Date: Thu, 21 Dec 2000 17:55:57 +0100 (MET)

On 21 Dec 2000, Jim Blandy wrote:

> I think the source of the disconnect is this: you're assuming that the
> fundamental operation on strings is indexing by character number, but
> it's not.  Strings are overwhelmingly more often scanned sequentially.
> For that kind of access, variable-width representations are not a
> serious problem.  However, in order to take advantage of the access
> pattern, you have to move some of the logic out of the accessor and
> into the surrounding loop.  My argument is that, given the other
> primitives described in mbapi.texi, this is little work, and is
> efficient.

Well, I don't want to be annoying here, but, honestly, I really don't get
it:  For which kinds of operations could you move conditionals out of the
inner loop?  (The conditionals we are talking about are those, which
determine the character width for every single character access.)  Take
for example a string< operation:  Two strings are compared by scanning
them sequentially.  The characters that are to be compared have both to be
extracted (in order to determine their relative ordering according to a
certain locale).  This is done in the inner loop.  How could the code that
checks the encoding length be extracted from the inner loop?
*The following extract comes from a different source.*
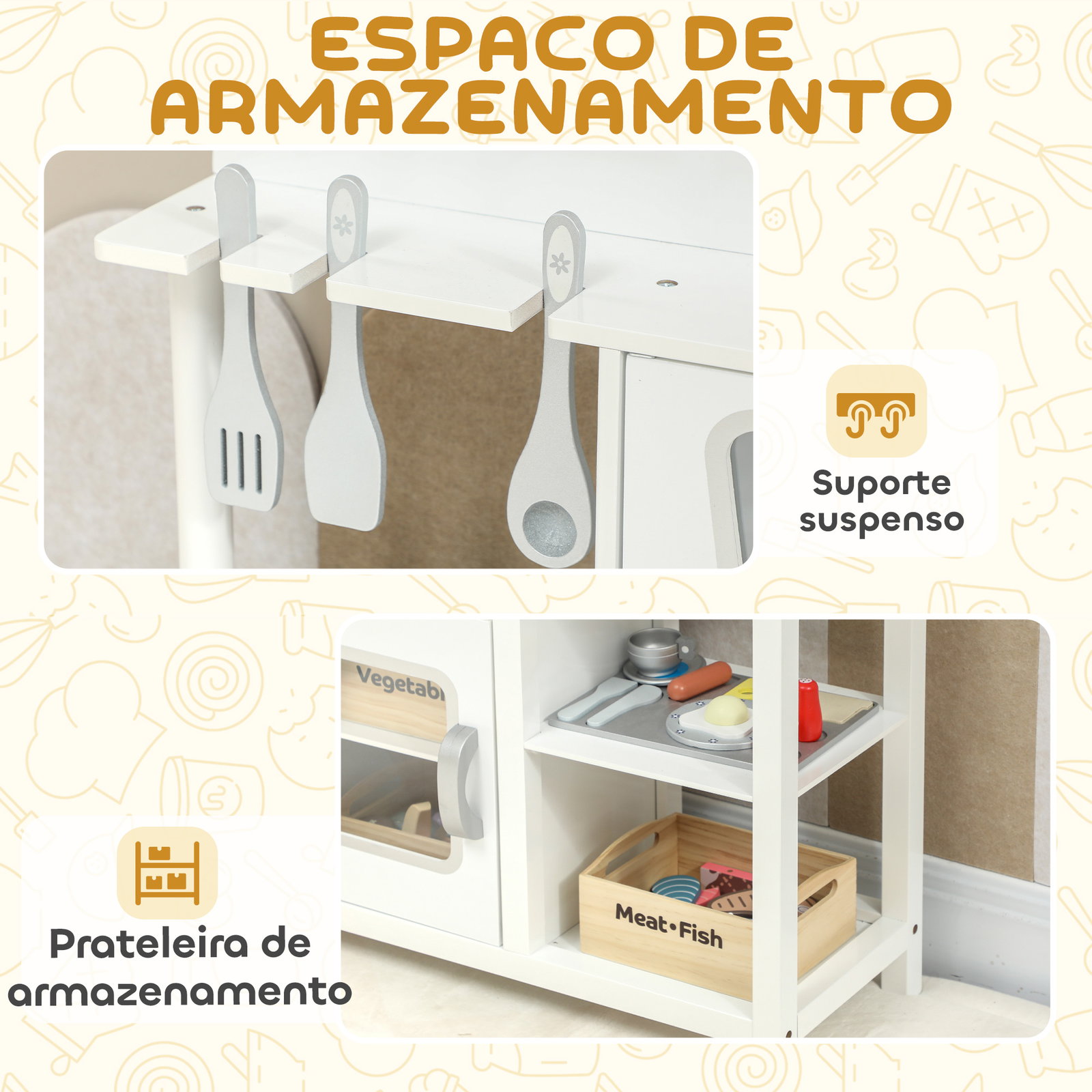 Cozinha de brincar em madeira com som acessórios lava-loiças micro-ondas e fogão 55x24x86 cm branco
Another example, the substring operation.  Maybe I fail to see some
fundamental point here, but IMO you first need to scan the string to find
the byte position of the first character you want to include in the
substring.  Thus, you need to skip all previous characters, each one with
it's corresponding length.  How can the conditionals that determine the
width of each character be moved out of the inner loop?  The same holds
for finding the byte position of the last character to include.

I'd really like to understand the point.  Could you give an example for a
situation where you could move the conditionals out of the inner loops?

> In cases where random access is necessary, mbapi.texi provides
> primitives (like the cached indexing functions) that should do pretty
> well.

This is true as long as you make sure that your indexes remain valid,
which can be a problem with multiple threads.